Heinz Klinger was the first to describe Wegener's granulomatosis in 1931 during a study conducted at the University of Berlin. About 5 years later, Friedrich Wegener, a German pathologist, described a similar clinical presentation in three patients. After observing these similar clinical presentations in seven other patients years later, he established its diagnosis criteria (21). Thus, Wegener's granulomatosis is a rare systemic autoimmune disease characterized by necrotizing granulomatous vasculitis that primarily affects the small vessels. Generally it affects the upper and lower airways, lungs, and kidneys. Less often, it can affect muscles, joints, skin, eyes, cardiovascular and nervous system (13,2,10,3).

The involvement of the central and peripheral nervous systems are not uncommon, being in approximately 22-50% of patients (13). Peripheral neuropathy (especially mononeuritis multiplex) can be present at 10.6 - 21.2% of patients and less than 10% with involvement of the central nervous system (13,3). Lumbar pain consists in a rare feature of neurological involvement of the patient, which can happen by central or peripheral nervous system.

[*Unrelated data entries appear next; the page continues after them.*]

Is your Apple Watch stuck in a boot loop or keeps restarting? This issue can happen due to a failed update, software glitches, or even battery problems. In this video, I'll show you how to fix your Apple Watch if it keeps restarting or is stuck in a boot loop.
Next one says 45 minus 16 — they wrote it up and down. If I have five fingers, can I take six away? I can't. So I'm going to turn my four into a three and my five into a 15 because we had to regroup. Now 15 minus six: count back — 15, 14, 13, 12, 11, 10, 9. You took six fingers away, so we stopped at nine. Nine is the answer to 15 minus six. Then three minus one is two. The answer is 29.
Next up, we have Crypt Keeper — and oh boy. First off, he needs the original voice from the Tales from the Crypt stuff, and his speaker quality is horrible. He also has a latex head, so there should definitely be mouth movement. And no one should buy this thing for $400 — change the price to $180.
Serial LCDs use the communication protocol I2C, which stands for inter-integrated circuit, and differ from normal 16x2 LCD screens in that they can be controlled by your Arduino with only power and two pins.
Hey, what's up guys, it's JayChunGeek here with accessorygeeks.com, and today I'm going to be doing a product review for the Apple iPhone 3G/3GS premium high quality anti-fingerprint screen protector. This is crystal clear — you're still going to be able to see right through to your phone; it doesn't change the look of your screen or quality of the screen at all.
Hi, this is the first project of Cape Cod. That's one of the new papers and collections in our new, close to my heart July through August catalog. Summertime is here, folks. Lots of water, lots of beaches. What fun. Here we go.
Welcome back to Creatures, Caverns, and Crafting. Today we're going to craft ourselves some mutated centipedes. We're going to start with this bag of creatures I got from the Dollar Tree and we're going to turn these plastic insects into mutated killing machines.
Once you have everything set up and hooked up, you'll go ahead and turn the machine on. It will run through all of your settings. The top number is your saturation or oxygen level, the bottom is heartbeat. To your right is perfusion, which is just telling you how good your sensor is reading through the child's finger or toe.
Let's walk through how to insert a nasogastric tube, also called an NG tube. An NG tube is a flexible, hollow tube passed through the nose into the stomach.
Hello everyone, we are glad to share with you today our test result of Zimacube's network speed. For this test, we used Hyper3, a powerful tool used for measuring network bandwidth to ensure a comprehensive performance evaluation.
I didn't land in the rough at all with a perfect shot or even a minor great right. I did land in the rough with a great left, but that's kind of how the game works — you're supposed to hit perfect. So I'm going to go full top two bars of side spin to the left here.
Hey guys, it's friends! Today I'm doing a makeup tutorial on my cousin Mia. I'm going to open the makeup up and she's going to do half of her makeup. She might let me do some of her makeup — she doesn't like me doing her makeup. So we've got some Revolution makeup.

Although its etiology is still unknown, there are hypothesis that its pathogenesis involves components of cellular and humoral response. The T-cell mediated immunity is responsible for the production and release of pro-inflammatory cytokines including Tumor necrosis factor [alpha] (TNF-[alpha]) and interferon [gamma] that stimulate the expression of surface antigens in activated neutrophils. Among these antigens are proteinase 3 (PR3) and myeloperoxidase which are markers for c-ANCA (cytoplasmic) and p-ANCA (perinuclear- Neutrophil Cytoplasmic Antibody) respectively. The interaction of ANCA with their antigens result in degranulation of neutrophils and formation of toxic products, increasing the inflammatory reaction and leading to tissue damage (2,10).

Neurological manifestations and lumbar pain

Neurological manifestations may be present in 22-50% of patients during the course of the disease (13). The literature mentions three mechanisms by which the nervous system may be affected, proposed by Drachman: 1) necrotizing vasculitis involving brain, spinal and radicular vessels; 2) contiguity extravascular granulomas in the paranasal sinuses, nasal cavities or orbits; 3) primary necrotizing granulomas in the skull, meninges, cranial nerves or brain (3,11,5).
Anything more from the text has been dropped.